[Collected data entries]
━━━━━━━━━━

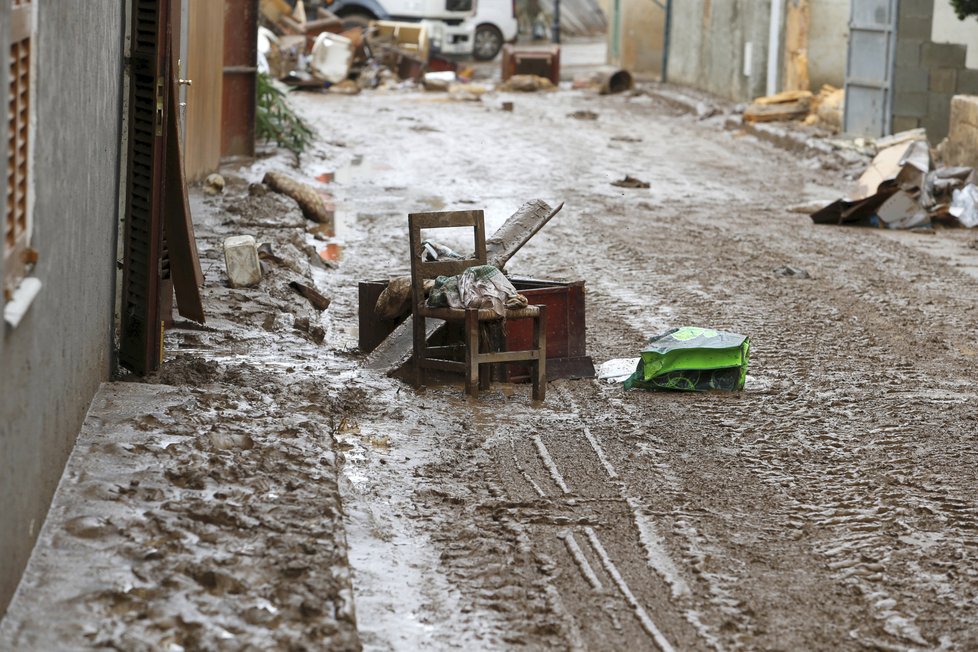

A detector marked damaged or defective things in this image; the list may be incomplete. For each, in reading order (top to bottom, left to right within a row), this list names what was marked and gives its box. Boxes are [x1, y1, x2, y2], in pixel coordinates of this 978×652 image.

broken furniture [500, 44, 560, 85]
rusty metal door [844, 0, 896, 136]
rusty metal door [119, 0, 172, 374]
broken furniture [404, 211, 540, 400]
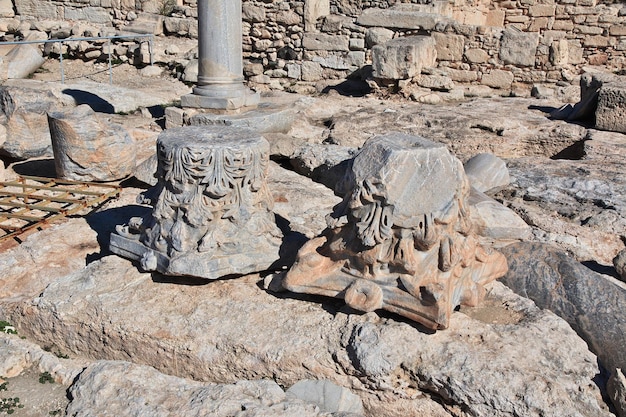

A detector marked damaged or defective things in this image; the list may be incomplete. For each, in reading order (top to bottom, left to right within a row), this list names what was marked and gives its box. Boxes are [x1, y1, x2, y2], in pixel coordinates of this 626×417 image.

rusty metal grid [0, 175, 120, 240]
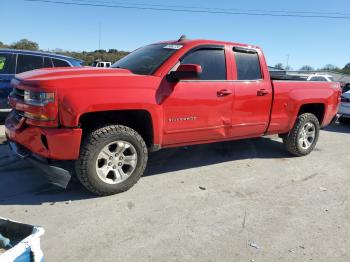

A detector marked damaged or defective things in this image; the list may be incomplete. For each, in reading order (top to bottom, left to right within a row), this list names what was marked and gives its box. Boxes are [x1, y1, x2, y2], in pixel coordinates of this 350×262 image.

damaged front bumper [7, 139, 73, 188]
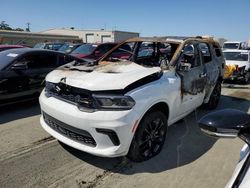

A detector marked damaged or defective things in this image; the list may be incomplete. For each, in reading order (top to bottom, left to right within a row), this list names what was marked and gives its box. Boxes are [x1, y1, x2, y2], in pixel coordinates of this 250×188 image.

burned hood [45, 61, 162, 92]
damaged headlight [92, 94, 135, 110]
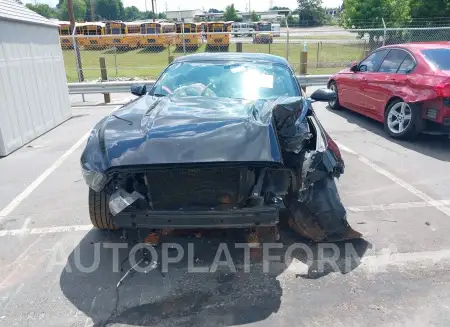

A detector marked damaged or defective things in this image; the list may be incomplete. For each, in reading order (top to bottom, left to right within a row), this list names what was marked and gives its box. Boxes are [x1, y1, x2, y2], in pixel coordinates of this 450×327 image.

broken headlight [81, 167, 107, 192]
crumpled hood [82, 95, 284, 172]
wrecked black car [81, 53, 360, 243]
detached bumper [112, 208, 280, 231]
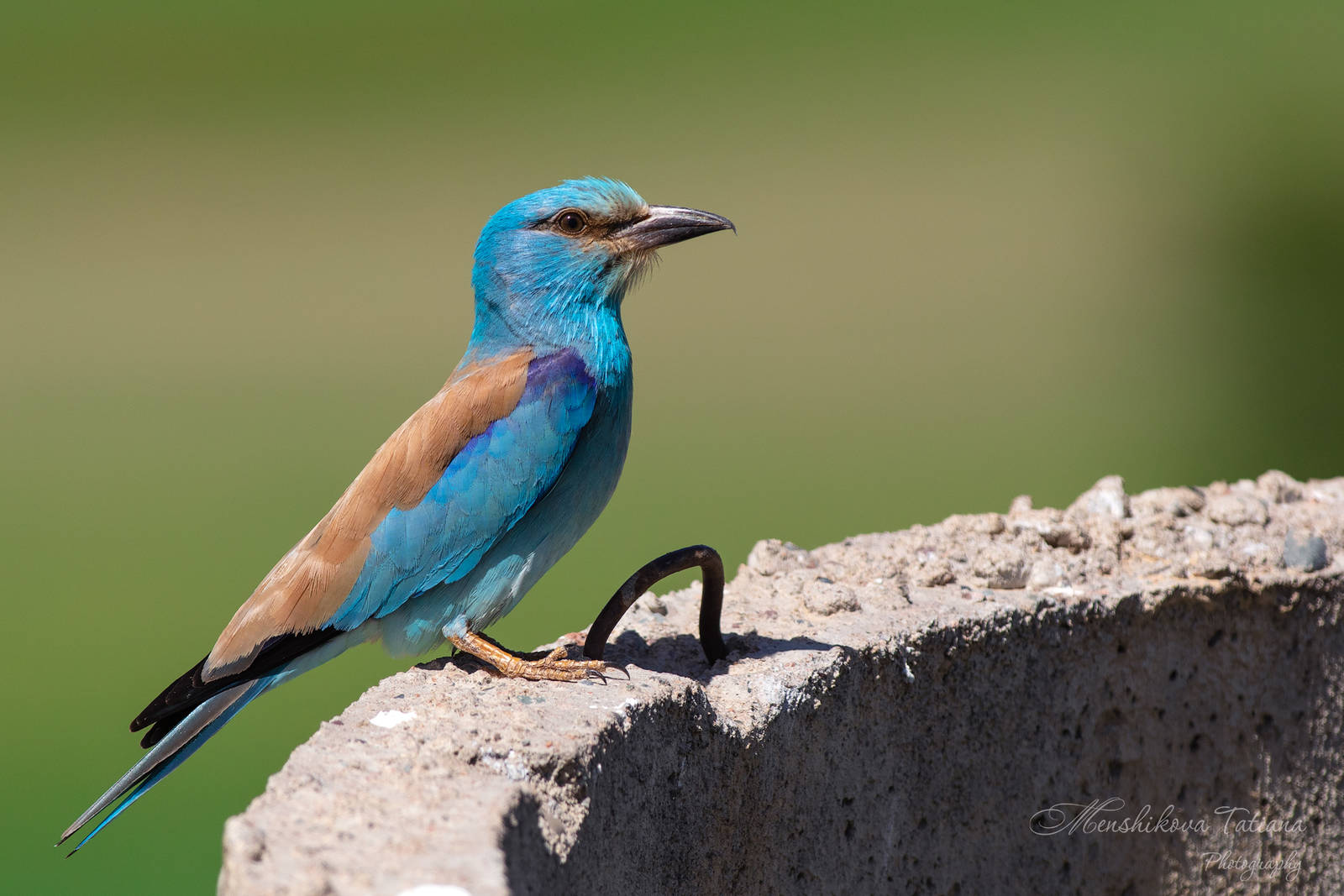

━━━━━━━━━━

WHAT IS BEING ASKED
Beginning at the line that contains "this 450×327 image.", retype each line of the data above through the very last one. Do not retype the pictures.

WORKED SOLUTION
A detector marked damaged or defective things in this image; the list may be incomplete. For each, in reading order (top to bottom, left to right within a row), this list names what was marked and gives its box. Boxes are [x1, y1, x2, y2], in pixel coordinates of this 450×327 image.

broken headlight [81, 167, 107, 192]
crumpled hood [82, 95, 284, 172]
wrecked black car [81, 53, 360, 243]
detached bumper [112, 208, 280, 231]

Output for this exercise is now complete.